A Patch of Turnips
I hear him. He's saying not now, not yet. It's always the same cricket, and he's always saying the same thing. Not now, not yet.
I'm sorry for all the beer I drank, all them varmints I shot nightly while sitting in my Cape Cod chair, whooping so they'd look up at me and my flashlight, each one stupider than the next. You'd think they'd mingle in their burrows, spread the news about me and my fire stick. Those poor, burly buggers, digging and digging all the time so my vegetables never seen the light of day.
"Why we planting so many turnips this year?" my Martha had asked me quite rightly so. "You know how you get when you eat turnips, same as how you get when you eat cabbage, and those wieners you like to barbeque."
They were never meant for us, my sweet bug.
I'm sorry for all the beer I drank, all those rusted, upturned, screw caps in the grass just waiting to be stepped on. I'm sorry, but I'm not sorry.
"Well, you know I can't go out there unless I'm wearing your boots," Martha said because she loves her feet bare.
I must have chipped a sharp one, and he must have warned the others, because the digging stopped suddenly. It got quiet, like they all figured the next house would be just as good. Woke up in my Cape Cod, all the beer I'd drunk in my boots, my .22 still full with shot. Only thing I remembered was that cricket saying what he was saying.
"What we supposed to do with all the turnips?" she wanted to know.
Fuck me if I knew. "Didn't your momma leave you a recipe for turnips?" She didn't like that.
Not now.
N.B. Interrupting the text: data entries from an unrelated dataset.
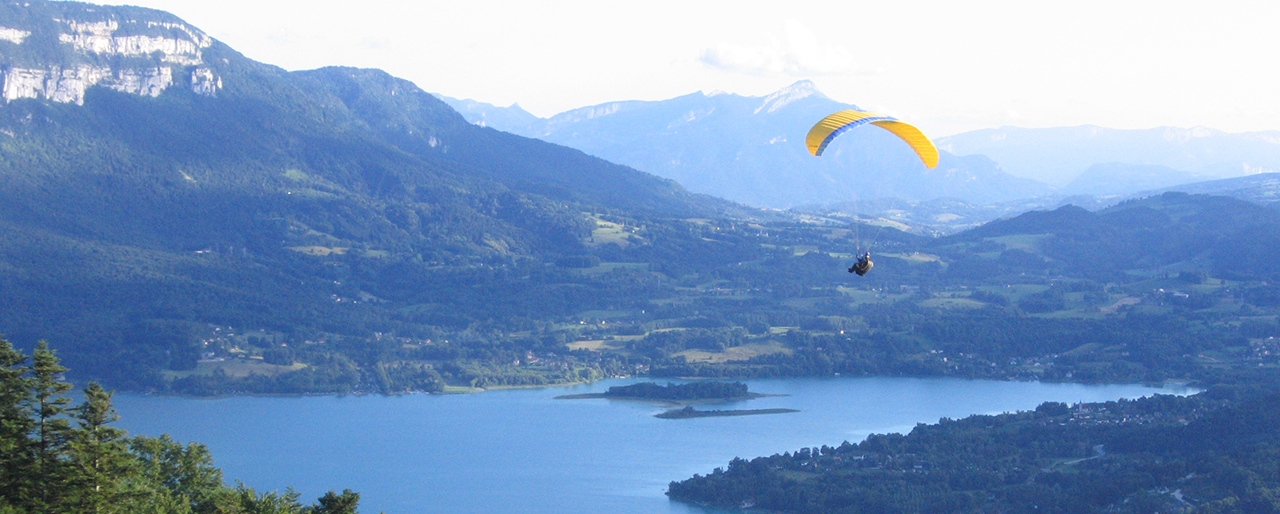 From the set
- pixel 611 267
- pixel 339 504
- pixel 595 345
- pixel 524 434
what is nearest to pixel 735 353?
pixel 595 345

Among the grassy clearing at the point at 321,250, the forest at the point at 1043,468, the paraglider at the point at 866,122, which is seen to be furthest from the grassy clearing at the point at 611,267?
the paraglider at the point at 866,122

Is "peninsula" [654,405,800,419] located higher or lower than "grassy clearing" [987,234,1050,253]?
lower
Not yet, at least, my cricket says.
First time I heard them words, I mean first time I really heard them and understood what they was telling me, I started thinking about all the little marmot bodies I'd tossed in the lake, how I'd spun them through the air, made them skip a couple times on the surface of the water before sinking.
Not now. Not yet, my cricket was saying over and over, like I was thick in the head, or hard of hearing.
"You're right," I answered back, shut my eyes so I could my see my Martha stepping into my dirty old boots, the spare ones, squishing and mingling her feet-smell with mine, not a stitch of clothing on her farm girl body. Just like that.
For right now, he tells me nightly, you aren't dead yet.